Autre constat : le fort endettement du gouvernement du Québec est un phénomène relativement récent. Au début des années 1970, la dette brute représentait seulement 10 % du PIB de la province alors que, de nos jours, elle correspond à plus de 50 % de ce dernier. Si des réformes comptables expliquent en partie cette hausse, l’analyse révèle que le poids de la dette a pratiquement quadruplé avant même que les réformes ne viennent modifier le traitement comptable de la dette à la fin des années 1990.Sans grande surprise, cette étude démontre que la dette du gouvernement du Québec est systématiquement plus élevée que celle des autres provinces canadiennes, peu importe le concept utilisé.
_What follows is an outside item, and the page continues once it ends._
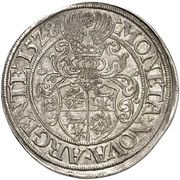 1 Thaler - Simon V, Germany, 1528 reverse image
Et lorsqu’on la compare à celle de 31 pays membres de l’OCDE, on observe que seuls neuf pays affichent une dette plus lourde. Sans pour autant s’en alarmer, force est de constater que bon nombre de ces pays – Grèce, Italie, Portugal, Espagne, Japon – doivent faire face à de graves problèmes économiques. Par ailleurs, cette analyse révèle que les pays où l’intervention de l’État est considérable et avec lesquels le Québec aime se comparer ont une dette publique nettement inférieure à la sienne (Finlande, Danemark, Suède, Norvège).
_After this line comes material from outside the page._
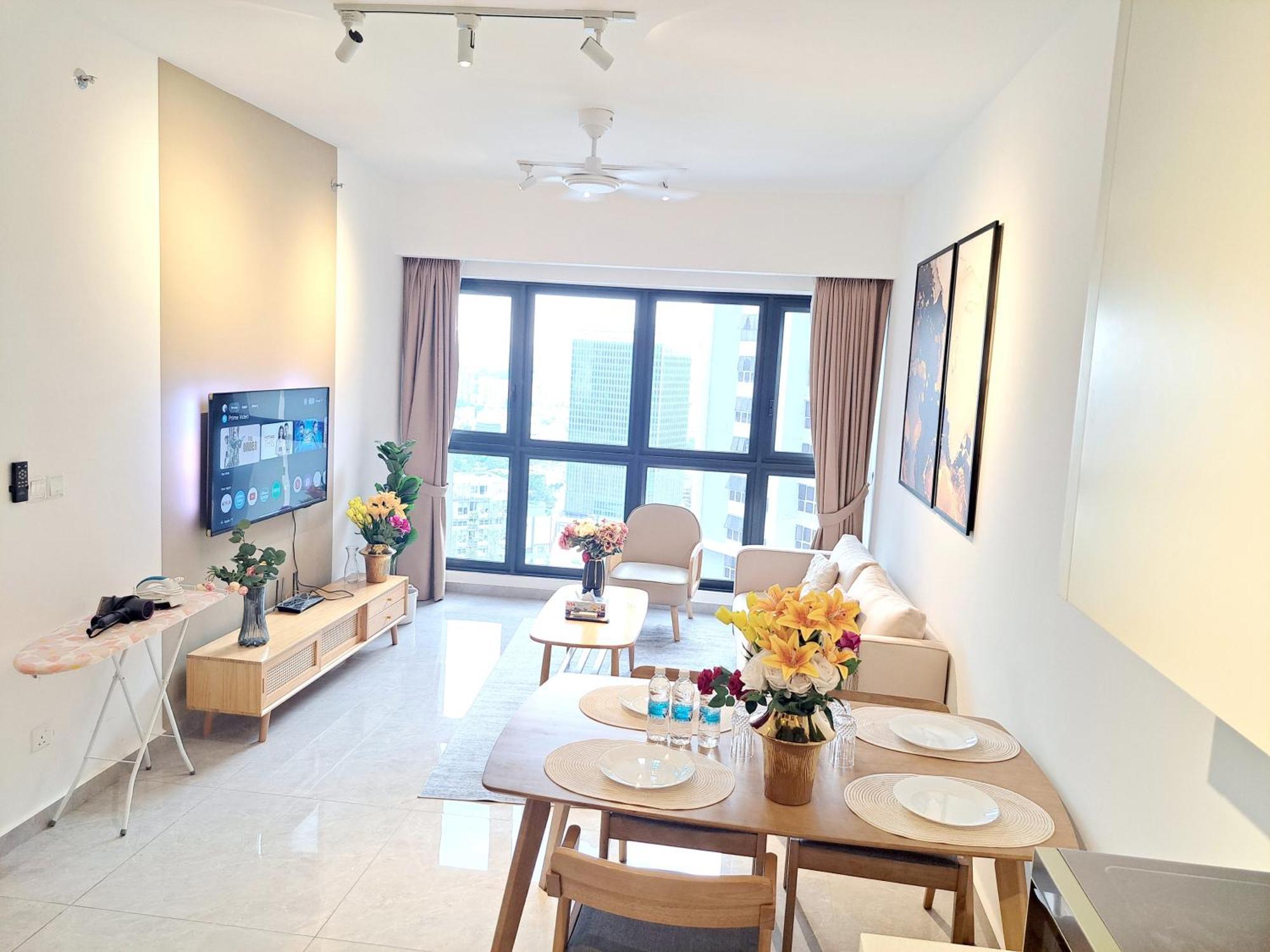 Agile Cozy Kl Apartment Kuala Lumpur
Pour ces raisons, l’endettement du gouvernement demeure aujourd’hui un enjeu préoccupant. Le service de la dette, soit les intérêts payés sur la dette du gouvernement, réduit de façon radicale la marge de manœuvre budgétaire du gouvernement. En raison de l’ampleur de sa dette, l’État québécois consacre chaque année une part substantiellle de son budget en paiement d’intérêts, ce qui réduit les sommes qu’il devrait normalement consentir au financement de ses missions.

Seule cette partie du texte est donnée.